Tetraplodon angustatus (Hedw.) Bruch & Schimp.
Nouvelle localité : 5 août 2014, Haute-Loire, Freycenet-la-Cuche, forêt domaniale du Mézenc, Roche du Bachat, 1360 m
Tetraplodon angustatus est une espèce boréo-montagnarde présentant une distribution circumpolaire dans l’Holarctique. Elle est connue dans la partie septentrionale de l’Amérique du Nord, au Groenland, en Asie et en Europe, où c’est principalement une espèce des Scandes. En Europe centrale, elle est recensée dans les Alpes, les Sudètes et les Carpathes (Szmajda et al., 1991). Les localités des « hautes-terres » d’Ecosse, du centre de l’Irlande et du nord du pays de Galle sont les plus à l’ouest (Rothero in Blockeel et al., 2014). Tetraplodon angustatus n’est ni recensé dans les Pyrénées ni dans les montagnes de la péninsule ibérique. La population du Massif du Mézenc, en Haute-Loire est donc très isolée puisqu’elle constitue la limite sud-ouest de l’aire de l’espèce en Europe.

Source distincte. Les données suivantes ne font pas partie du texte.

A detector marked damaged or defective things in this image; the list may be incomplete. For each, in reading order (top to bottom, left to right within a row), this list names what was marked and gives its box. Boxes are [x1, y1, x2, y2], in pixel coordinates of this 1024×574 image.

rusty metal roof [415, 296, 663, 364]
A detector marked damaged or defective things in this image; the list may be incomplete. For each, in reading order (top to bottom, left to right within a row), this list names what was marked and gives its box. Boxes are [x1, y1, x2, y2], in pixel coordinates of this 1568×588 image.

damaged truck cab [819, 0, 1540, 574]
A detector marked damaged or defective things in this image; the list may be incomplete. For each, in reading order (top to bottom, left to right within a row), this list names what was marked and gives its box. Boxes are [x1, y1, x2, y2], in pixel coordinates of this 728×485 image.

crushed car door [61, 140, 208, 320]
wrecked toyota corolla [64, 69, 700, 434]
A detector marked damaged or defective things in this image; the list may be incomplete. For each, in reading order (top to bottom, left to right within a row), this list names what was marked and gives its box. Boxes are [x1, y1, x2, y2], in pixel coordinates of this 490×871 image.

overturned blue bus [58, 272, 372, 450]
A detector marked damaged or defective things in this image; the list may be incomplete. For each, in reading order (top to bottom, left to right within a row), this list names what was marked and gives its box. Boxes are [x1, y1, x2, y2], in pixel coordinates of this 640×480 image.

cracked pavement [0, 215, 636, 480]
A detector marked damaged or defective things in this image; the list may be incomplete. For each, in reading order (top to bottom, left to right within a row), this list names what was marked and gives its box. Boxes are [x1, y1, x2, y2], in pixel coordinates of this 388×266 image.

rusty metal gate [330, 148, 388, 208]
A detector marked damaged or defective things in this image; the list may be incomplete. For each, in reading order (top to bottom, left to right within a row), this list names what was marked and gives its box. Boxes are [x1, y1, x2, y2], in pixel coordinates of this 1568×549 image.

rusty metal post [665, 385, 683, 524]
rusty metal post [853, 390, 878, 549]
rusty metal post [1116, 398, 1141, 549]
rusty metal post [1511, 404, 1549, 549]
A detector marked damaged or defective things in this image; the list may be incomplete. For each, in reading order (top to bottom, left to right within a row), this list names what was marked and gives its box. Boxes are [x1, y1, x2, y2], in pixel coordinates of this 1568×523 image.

Le genre Tetraplodon est représenté par deux espèces en France, T. angustatus et T. mnioides. Tetraplodon mnioides n’est connu avec certitude que dans le Jura, où il a été observé récemment, sur des crottes de renard (Philippe, 2013). Tetraplodon angustatus était déjà connu en France, de deux mentions, dont une très ancienne, dans le massif du Mont Blanc (Husnot, 1892-1894; Vadam, 1976). L’espèce est plus répandue en Suisse dans les massifs montagneux.
Tetraplodon angustatus a été observé dans un pierrier phonolithique constitué de blocs de grande taille, à peu près dépourvu de végétation trachéophytique. La flore de cet ébouli est essentiellement faite d’un assemblage de Gymnomitrion concinnatum, Marsupella funckii et Racomitrium sudeticum, typique des éboulis siliceux subalpins. Les touffes de Tetraplodon colonisaient des fèces de renard laissées comme marquages sur le sommet de gros blocs métriques. Cinq touffes, correspondant à cinq crottes, ont été observées. Aucune bryophyte n’a été observée en compagnie du Tetraplodon. Tetraplodon angustatus est réputé coloniser des cadavres, des excréments, des pelotes de réjection (Cykowska-Marzencka, 2013) dans des éboulis, ou plus rarement, dans des hauts-marais (Stebel et al., 2004).
Les renards sont considérés comme des espèces nuisibles et sont donc chassés tout au long de l’année partout en France. Les effectifs actuels des populations de renard sont donc sans doute très loin des potentialités offertes par le milieu naturel et cet état de fait constitue sans doute la principale limite à l’expansion de Tetraplodon angustatus en Auvergne.